_Data records_.
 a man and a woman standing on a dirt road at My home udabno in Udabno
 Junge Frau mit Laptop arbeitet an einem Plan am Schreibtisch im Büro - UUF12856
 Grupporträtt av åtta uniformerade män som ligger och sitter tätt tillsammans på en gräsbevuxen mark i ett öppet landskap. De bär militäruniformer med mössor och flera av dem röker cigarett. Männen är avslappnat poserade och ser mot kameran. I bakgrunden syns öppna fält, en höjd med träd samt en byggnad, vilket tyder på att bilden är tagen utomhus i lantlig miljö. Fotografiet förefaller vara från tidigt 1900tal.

==

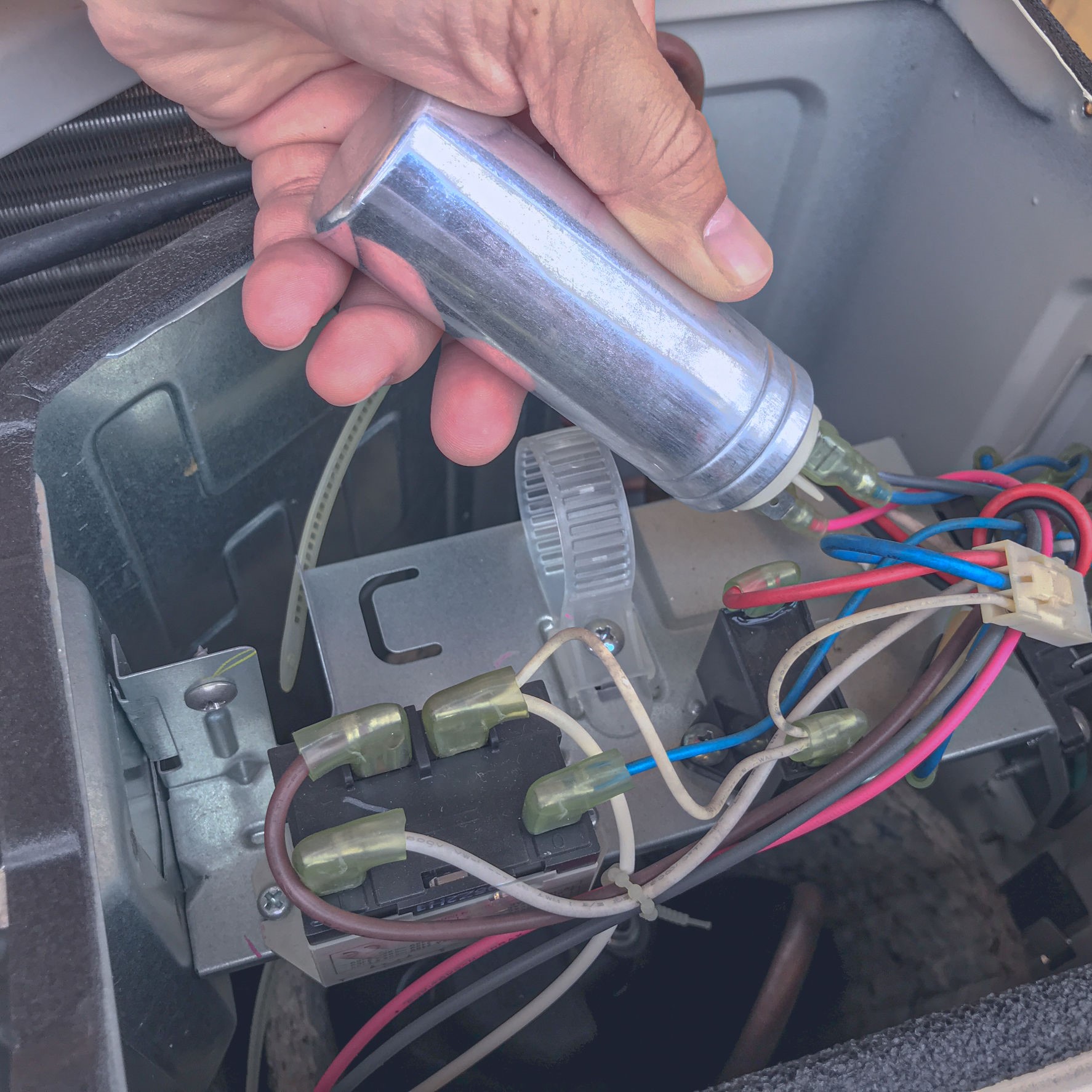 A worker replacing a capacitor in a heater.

_Task to carry out_. Starting with the line above that holds "Junge Frau mit" and stopping with the line that holds "Grupporträtt av åtta", reproduce each line exactly, omitting all other lines.

_Solution to the exercise_.
 Junge Frau mit Laptop arbeitet an einem Plan am Schreibtisch im Büro - UUF12856
 Grupporträtt av åtta uniformerade män som ligger och sitter tätt tillsammans på en gräsbevuxen mark i ett öppet landskap. De bär militäruniformer med mössor och flera av dem röker cigarett. Männen är avslappnat poserade och ser mot kameran. I bakgrunden syns öppna fält, en höjd med träd samt en byggnad, vilket tyder på att bilden är tagen utomhus i lantlig miljö. Fotografiet förefaller vara från tidigt 1900tal.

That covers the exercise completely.